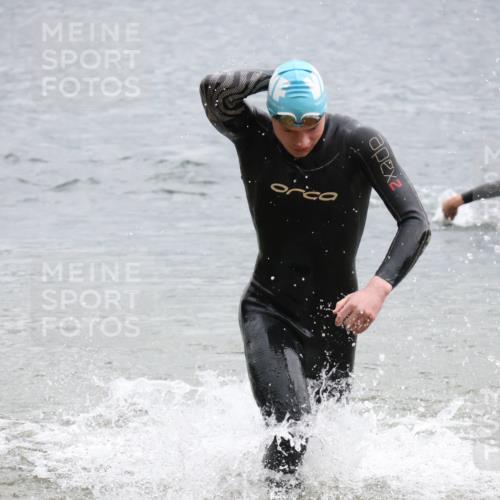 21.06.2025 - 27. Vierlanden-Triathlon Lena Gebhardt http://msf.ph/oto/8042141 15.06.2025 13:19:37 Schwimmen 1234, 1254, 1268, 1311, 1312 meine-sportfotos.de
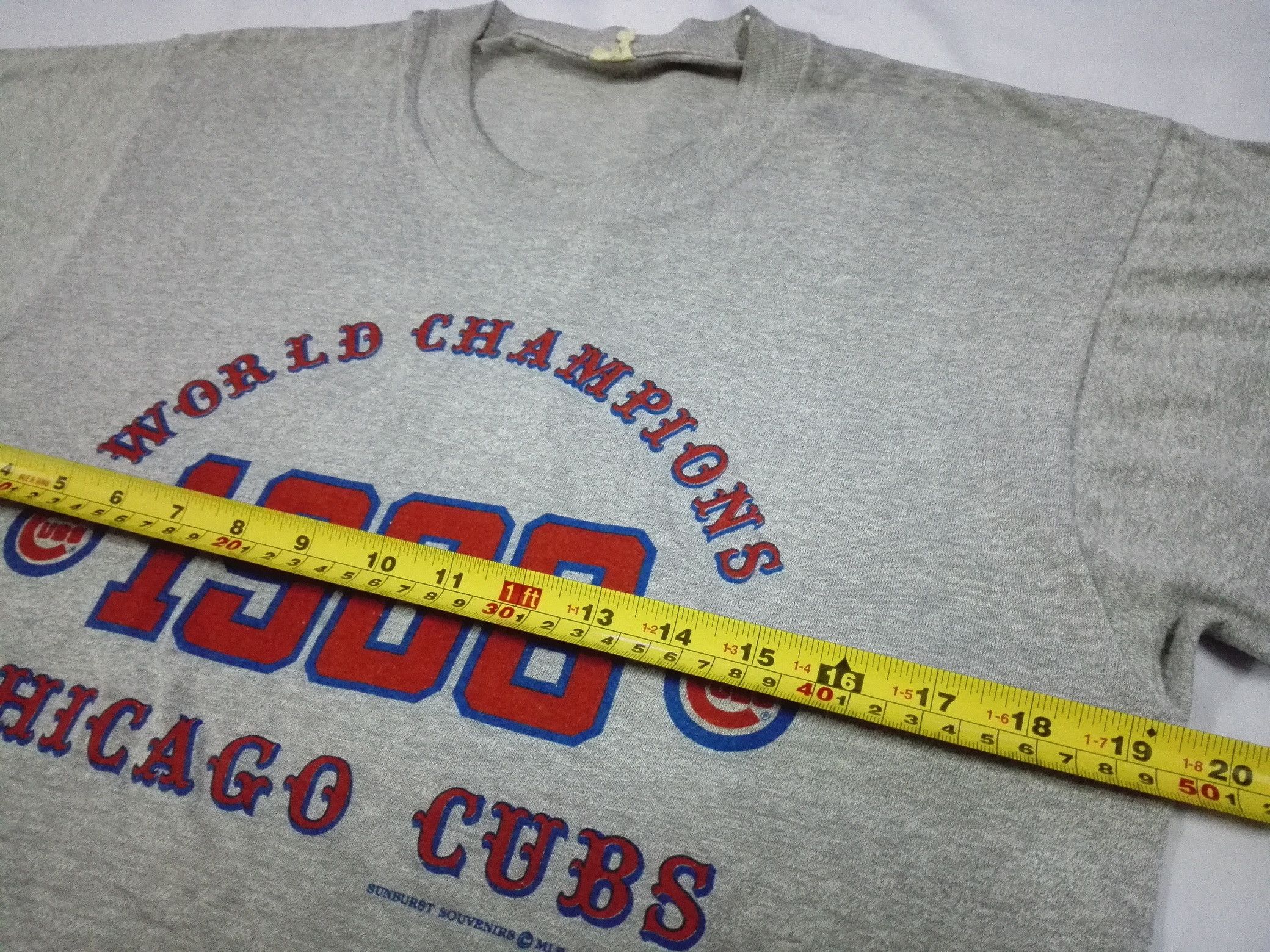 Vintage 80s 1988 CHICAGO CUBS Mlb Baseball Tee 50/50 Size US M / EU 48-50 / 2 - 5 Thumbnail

------------------------------------------------------------

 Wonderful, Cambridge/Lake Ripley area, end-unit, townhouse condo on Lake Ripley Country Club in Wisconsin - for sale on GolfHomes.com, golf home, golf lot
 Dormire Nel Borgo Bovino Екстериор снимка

------------------------------------------------------------

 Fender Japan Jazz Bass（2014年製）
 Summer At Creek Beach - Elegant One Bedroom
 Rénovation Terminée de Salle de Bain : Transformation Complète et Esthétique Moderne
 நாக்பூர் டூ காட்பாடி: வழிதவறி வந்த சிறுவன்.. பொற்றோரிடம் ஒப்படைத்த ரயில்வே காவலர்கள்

------------------------------------------------------------

_ACTIVITY_: Exact copy, no pictures. Write out the lines in the entries above, starting with the line with "21.06.2025 - 27." and going on through the line with "Vintage 80s 1988", keeping both.

_THE COMPLETED TASK_:
 21.06.2025 - 27. Vierlanden-Triathlon Lena Gebhardt http://msf.ph/oto/8042141 15.06.2025 13:19:37 Schwimmen 1234, 1254, 1268, 1311, 1312 meine-sportfotos.de
 Vintage 80s 1988 CHICAGO CUBS Mlb Baseball Tee 50/50 Size US M / EU 48-50 / 2 - 5 Thumbnail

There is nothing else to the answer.